Publié le 11/02/2025 par Cineuropa / Catégorie: Critique

Avec une formidable Megan Northam en tête d’affiche, Mareike Engelhardt délivre un premier long métrage percutant et clairvoyant sur les zones d’ombre de la radicalisation.
"Ici, c’est un plus grand destin qui t’attend." Au total, 42 000 personnes issus de 110 pays ont rallié "’l’État Islamique" en Syrie et en Irak entre 2013 et 2016, un phénomène d’embrigadement à très grande échelle dont le cinéma s’était déjà fait l’écho en plongeant à la source des départs (Le Ciel attendraL’Adieu à la nuit) ou des volontés de retour (Exfiltrés). Mais jamais avant Rabia, le premier long de Mareike Engelhardt, lancé dans les salles françaises le 27 novembre par Memento Distribution, un film de fiction ne s’était immergé avec autant d’intensité, de paradoxes et d’intimité viscérale dans le processus d’endoctrinement sur place d’une jeune Européenne que pourtant rien ne semblait prédestiner à de telles tribulations.

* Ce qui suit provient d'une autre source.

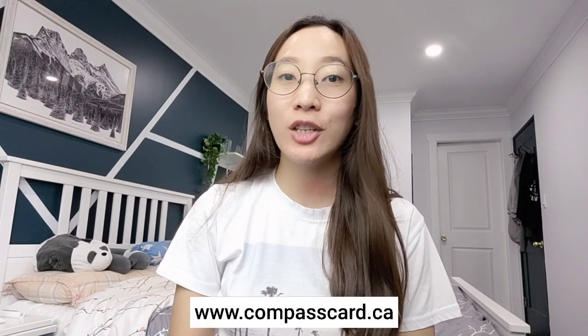Once you have your card, I highly suggest that you register it online via compasscard.ca — I'll put the link down below. It will ask you for some information such as your Compass Card number and your CVN number, which you can locate at the back of your card.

Rabia de Mareike Engelhardt, 2024

 

"Tu crois qu’on est à quelle altitude ? Je n’ai jamais été aussi proche du soleil – C’est trop beau – Ce n’est que le début, tu verras…" Dans l’avion qui les propulse vers une nouvelle vie qu’elles imaginent exaltante ("faire l’Histoire") et qui va totalement balayer leur quotidien de grisaille d’apprenties infirmières en France, Jessica (une fantastique Megan Northam) et Laïla (Natacha Krief), deux filles décomplexées bien de leur âge, ne boudent pas leur plaisir. Leur plan ? Intégrer "’l’État Islamique" où Laïla deviendra comme prévu la femme d’Akram et Jessica sera la seconde épouse. À 19 ans, cette dernière se sent prête pour le grand saut :  elle a appris l’arabe et elle manifeste une dévotion religieuse sans faille.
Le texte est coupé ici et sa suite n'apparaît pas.